Today, not only do we face a daunting task, but we are running out of time to finish the job. With little over 10 years to go, progress is uneven across both targets and countries.
Globally, we are not on track. The number of hungry people in the world is back up to where it was nearly a decade ago, and in fact world hunger has risen for the third year in a row.[i] Millions of children are missing out on education, especially girls. It is estimated that 16% of students of lower secondary school age do not attend school, and for girls it’s 20% – 1 in 5![ii]
On the environment, the outcomes are alarming. After a three-year plateau from 2014 to 2016, energy-related carbon dioxide emissions are rising again, reaching unprecedented levels in 2018. In just fifty years, we have destroyed one tenth of the world’s terrestrial biodiversity and one third of freshwater biodiversity. We are on course to lose another 10% of terrestrial species by 2050.[iii]
The most recent edition of the OECD’s report ‘Measuring the Distance to SDG Targets’, shows that OECD member countries need to ramp up their efforts. More than half of our members have made little or no progress towards targets relating to Eradicating Poverty, Ensuring Food, Education, Reducing Inequalities and on strengthening Institutions.
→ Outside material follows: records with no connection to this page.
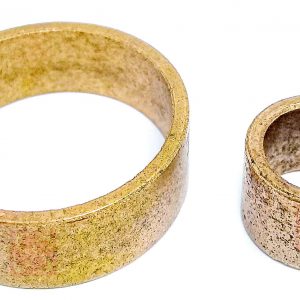 KIT BUCHA PARTIDA GOL PAR SAV GIV FOX - BOSCH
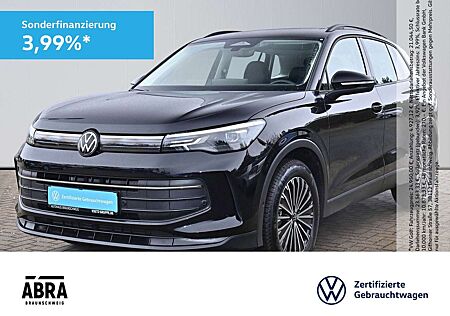VW Tiguan Volkswagen 2.0 TDI Life DSG LED+NAV+ACC+HuD+AHK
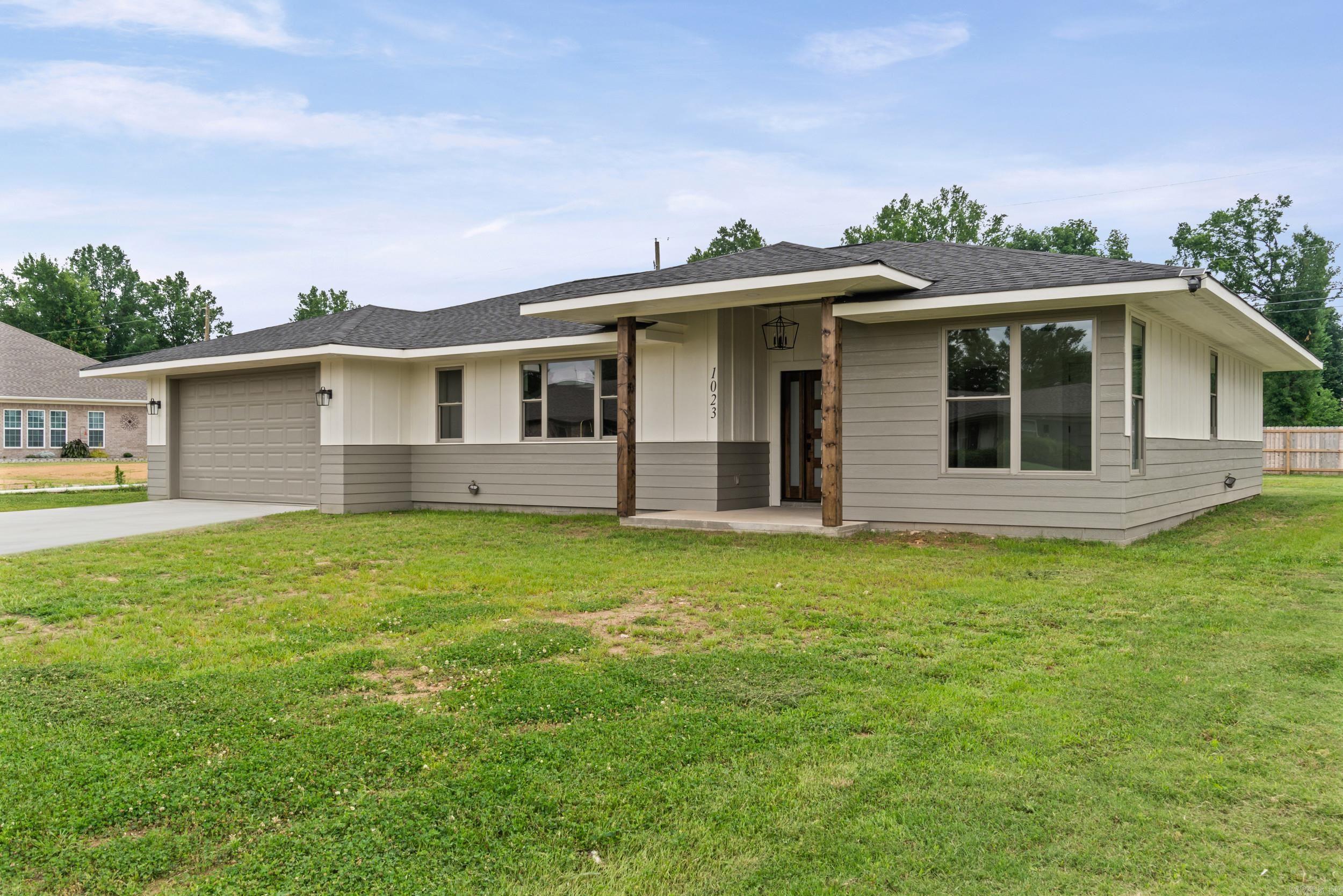 1023 E Languille  Wynne, AR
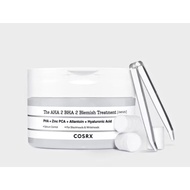 COSRX | The AHA 2 BHA 2 Blemish Treatment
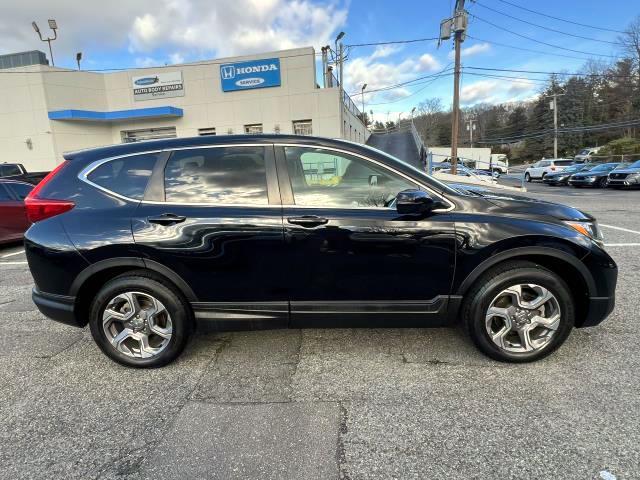 used 2019 Honda CR-V car, priced at $22,995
And when it comes to Goal 8 on ‘Promoting Sustained, Inclusive and Sustainable Economic Growth, Full and Productive Employment and Decent Work for All’, a third of OECD countries is actually moving away from the SDG targets.[iv]
Inequalities in many OECD countries are actually rising. The richest 10% in the OECD used to earn seven times more on average than the poorest 10% thirty years ago – this number is now 9 and a half times. The figures for wealth are even more striking, with the top 10% accounting for about one half of the total wealth in OECD countries.
As the OECD’s work on inclusive growth shows, this is not only about income and wealth, but also about opportunities and outcomes. People at the bottom accumulate disadvantages all throughout their lifetime, leading to shorter, less healthy, less fulfilling lives which they are not empowered to improve.
The OECD’s Broken
Social Elevator report shows that it would take a child born into a
low-income family around 5 generations – or up to 150 years – to reach the
average level of income. This is not social mobility, the machine is totally
broken, and it happened on our watch.
With the emergence of new technologies and automation, the lowest paid and the least educated will be hit the hardest, both in terms of the displacement and the outdated social protections. So this situation is only going to get worse, and the inclusive growth agenda becomes even more urgent.
We are already seeing the anger from people, which is manifesting itself in terms of dangerous political outcomes, and you do not need me to tell you because you as parliamentarians are on the frontline.
We need to change our approaches, and put people at the centre. To
support countries the OECD has developed a wide range of tools, including the
Framework for Policy Action on Inclusive Growth, which provides a dashboard of indicators and tailored
recommendations to invest in people, regions and businesses that are lagging
We are also putting inclusion at the core of our work to tackle climate change, as there are so many synergies, from public health to quality jobs that will be essential for ensuring a just and inclusive transition to the low-carbon economy, as we set out in the report we launched at the United Nations General Assembly just two weeks ago.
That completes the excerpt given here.